Single by Louisa Johnson
- Released: 3 March 2017
- Genre: Dance-pop
- Length: 3:35
- Label: Syco
- Songwriters: TMS; Shungudzo Kuyimba; Danny Parker;
- Producer: TMS

Louisa Johnson singles chronology
| "So Good" (2016) | "Best Behaviour" (2017) | "Weak (Stay Strong Mix)" (2017) |

= Best Behaviour (Louisa Johnson song) =

"Best Behaviour" is a song by British singer Louisa Johnson. It was released as a single on 3 March 2017. The track was written by TMS, Shungudzo Kuyimba, and Danny Parker. A remix featuring English rapper Stefflon Don was released on April 14, 2017.

== Music video ==
The music video for "Best Behaviour" was filmed in the desert of Los Angeles. It was directed by Sarah Chatfield, who also directed the music video for Little Mix's "Shout Out to My Ex". Johnson described the video as "quite flirty and very fun at the same time. It's quite up tempo so you can dance to it."

== Track listing ==
Taken from iTunes.

| No. | Title | Length |
|---|---|---|
| 1. | "Best Behaviour" | 3:35 |

== Commercial performance ==
"Best Behaviour" debuted and peaked at number 48 in the UK, spending a total of twelve weeks on the chart. In Scotland, it debuted and peaked at number 22, while reaching number 71 in Ireland.

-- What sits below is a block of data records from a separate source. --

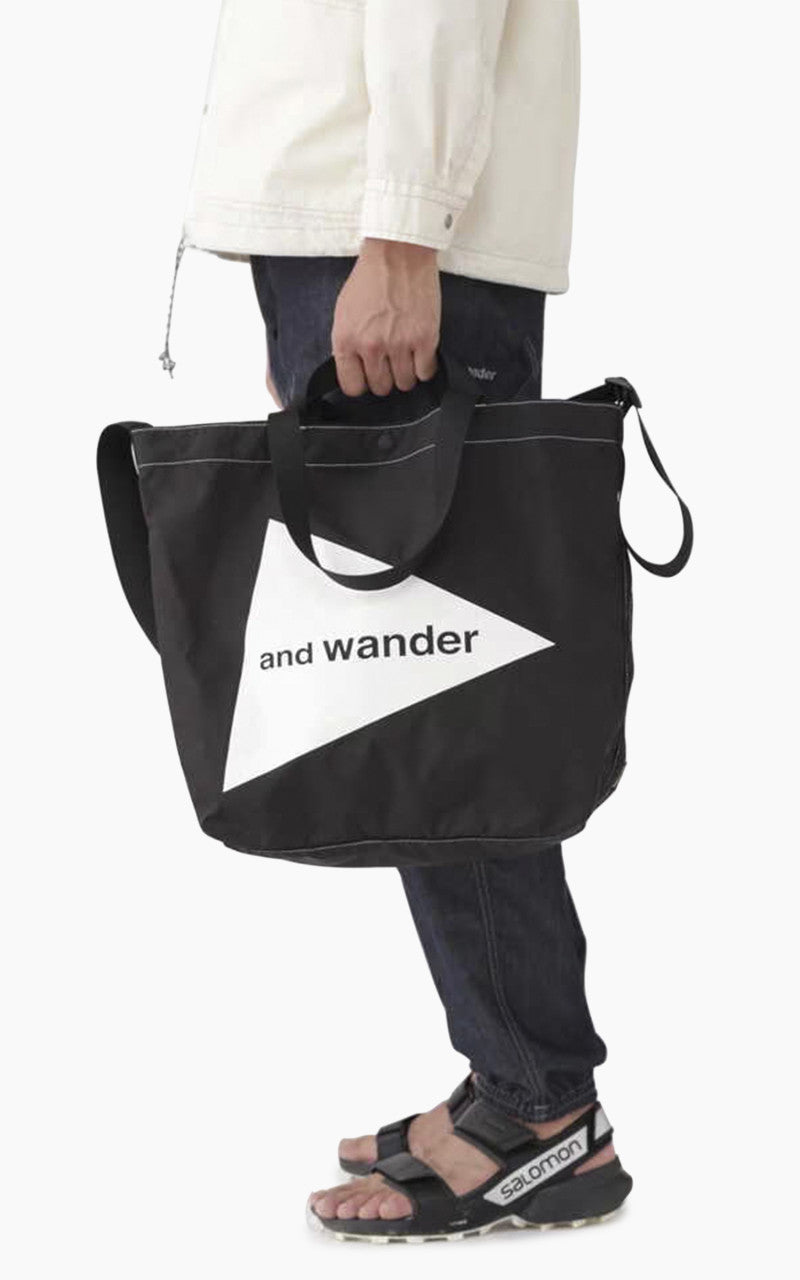 and wander CORDURA Logo Tote Bag Large Black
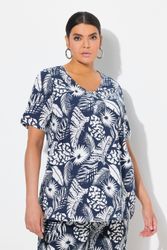 Ulla Popken T-Shirt T-Shirt Federn A-Linie günstig online kaufen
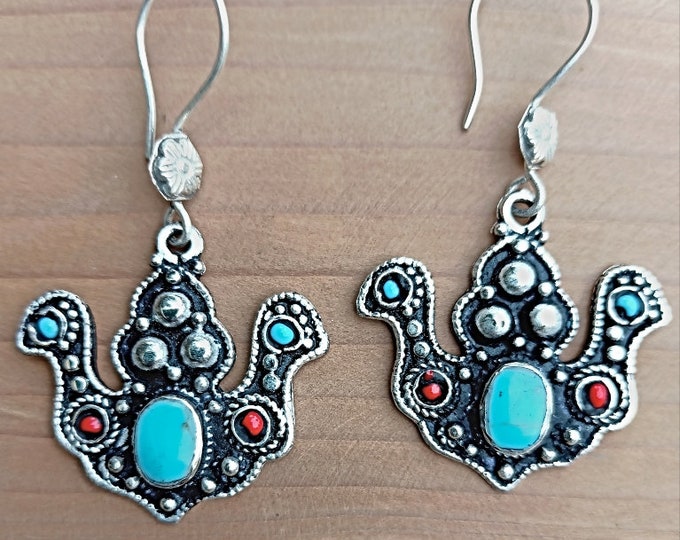 Small Turquoise Earrings: Vintage Afghan Tribal Jewelry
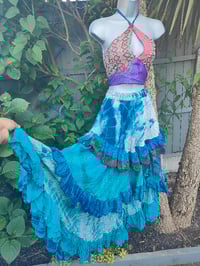 Image 7 of Wanderlust maxi tiered skirt/ Bandeau Dress Blue tie dye flecks of purple 8-16 copy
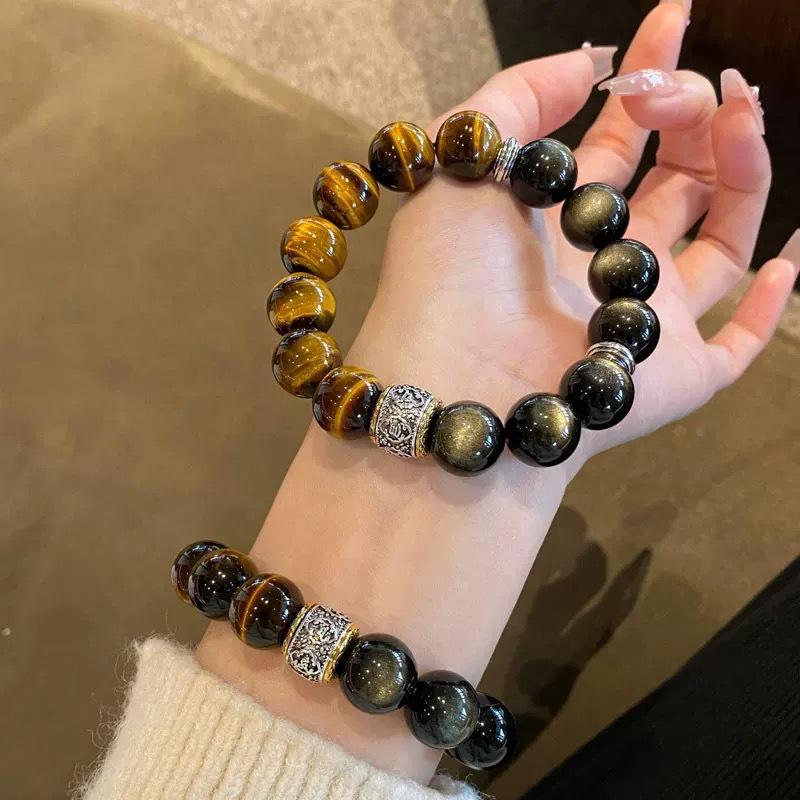 Yellow Tiger Eye & Gold Silver Obsidian Bracelet for Men - Attracts Wealth & Luck, Year of the Horse Crystal Beaded Gift for Boyfriend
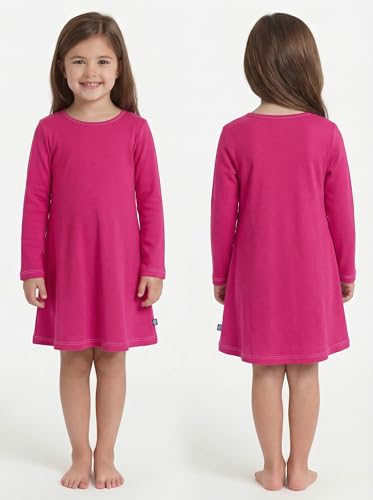 Image of City Threads Girls' 100% Cotton Long Sleeve Dress - Active Kids School, Playing, Parties - Made in USA
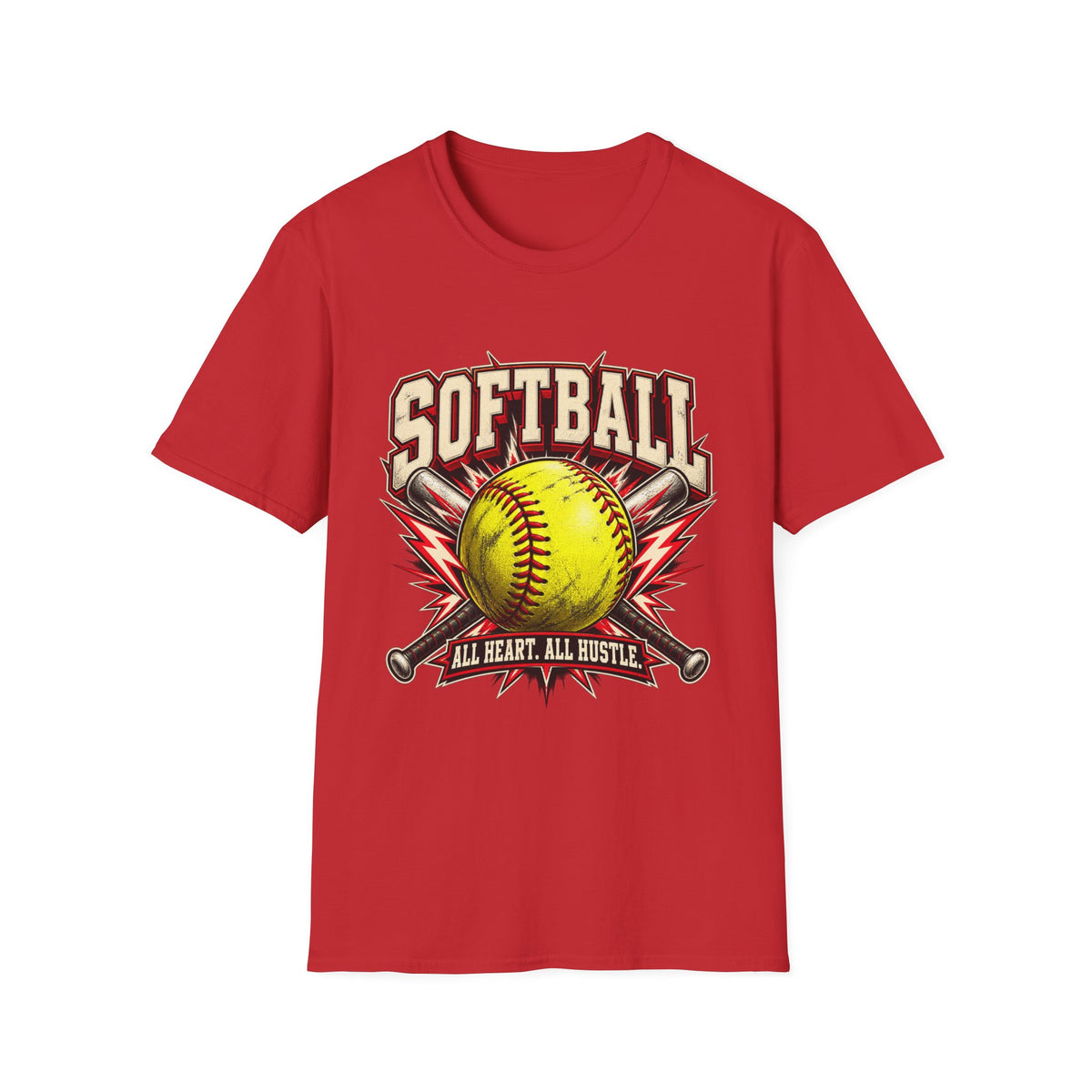 Softball T-Shirt — "Softball: All Heart, All Hustle" Graphic Tee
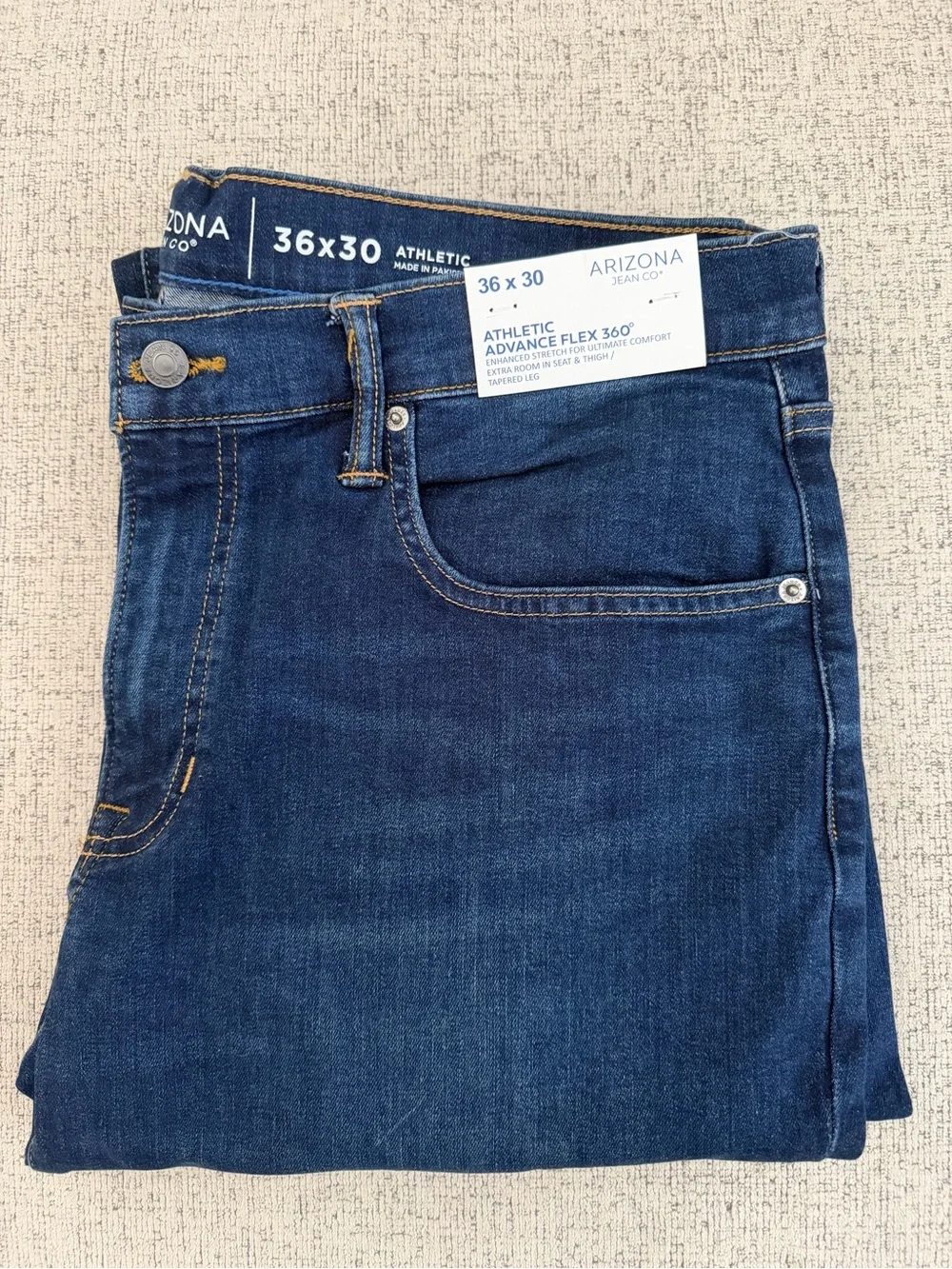 Men’s Arizona Athletic Advance Flex 360 Jeans, NWT, 36 x 30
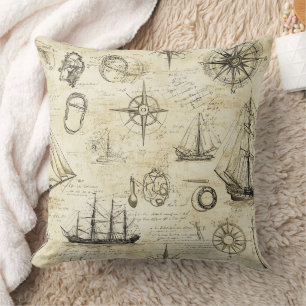 Vintage Nautical Map Pattern with Ships & Compass Throw Pillow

== Charts and certifications==
===Charts===

| Chart (2017) | Peak position |
|---|---|
| Bulgaria (PROPHON) | 3 |
| Ireland (IRMA) | 71 |
| Scotland (Official Charts Company) | 22 |
| UK Singles (OCC) | 48 |

===Certifications===

| Region | Certification | Certified units/sales |
| United Kingdom (BPI) | Silver | 200,000^{‡} |
^{‡} Sales+streaming figures based on certification alone.